Así que sabía que la cosa podía venir por acá, seguir leyendo.

Un escritor se hace leyendo mucho y escribiendo mucho. En el camino pasan cosas, las computadoras se queman y se pierde material, aquello que iba a ser tu novela magna debió interrumpirse porque primero estaba la cuenta del alquiler, el tema que esperabas encarar se lo dan a otro, la editorial pierde el interés en vos, una pierde el deseo; las ganas, una recupera el deseo, las ganas. Una se endeuda, una se confunde.

La escritura vertiginosa no es para todo el mundo. Pero deja sus enseñanzas acerca de la capacidad y las limitaciones de cada uno en situación de estrés; en el 2007 estaba escribiendo a la vez en tres proyectos: un libro infantil para una editorial independiente que tenía de protagonistas a unos ratoncitos, unas cortinas para Playboy, y un texto teatral sobre el nazismo. Resultado: en el texto para niños me llamaron la atención porque yo había puesto que la Ratita Presumida no elegía al Ratón Pérez ya que él saltaba de cama en cama. “Saltar de cama en cama” no era una expresión apropiada para la infancia. Corregimos, por supuesto, el editor era un maravilloso y comprensivo colega, hoy director de ALIJA: Mario Méndez.

Hasta los cincuenta años no hubo una sola clase que yo haya dado en la que no me sintiera una impostora.
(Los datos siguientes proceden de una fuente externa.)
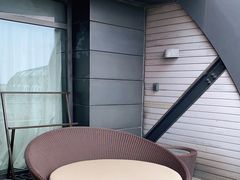 -上海滴水湖皇冠假日酒店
A ver: no tengo título de profesora de letras, y soy algo así como licenciada de la nada. Cuando un alumno -siempre y lo digo sinceramente, adorables conmigo– me cuestionaba un concepto, yo entraba en pánico. Temblaba y decía para mis adentros: “Me descubrió, me descubrió”. Promediando los 48 años hice la cuenta de cuántos libros leí en mi vida, y creo que esos maestros me prestaron un poquito su voz para hacerlos hablar a través mío.

A los tres meses de vivir en Buenos Aires, cambié mi domicilio y me hice porteña. ¿El motivo? Quería asociarme a la Biblioteca Goethe y necesitaba una dirección porteña para que me prestaran libros. En Rosario, me había formado en bibliotecas: la Vigil, la Argentina, la de Empleados de Comercio, la del Centro Unión Dependientes, la de Mujeres, la del Concejo Deliberante… Hoy hablar de leer en bibliotecas es algo tan antiguo como la palabra palurdo.

No puedo quejarme de cómo ha sido Buenos Aires conmigo, porque desde que llegué me recibió con los brazos abiertos. A los seis meses de instalarme nació mi hija y recibí el Premio Clarín de Novela.; yo aun estaba fajada por la cesárea cuando fui a recibir el premio creyendo que me habían invitado por error a la entrega.

¿Qué le puedo reprochar a Buenos Aires?

¿Que lo primero que aprendí fue a perder la sonrisa?

Que aquí, sonreír da mala espina; y que la amabilidad puede esconder a un delincuente.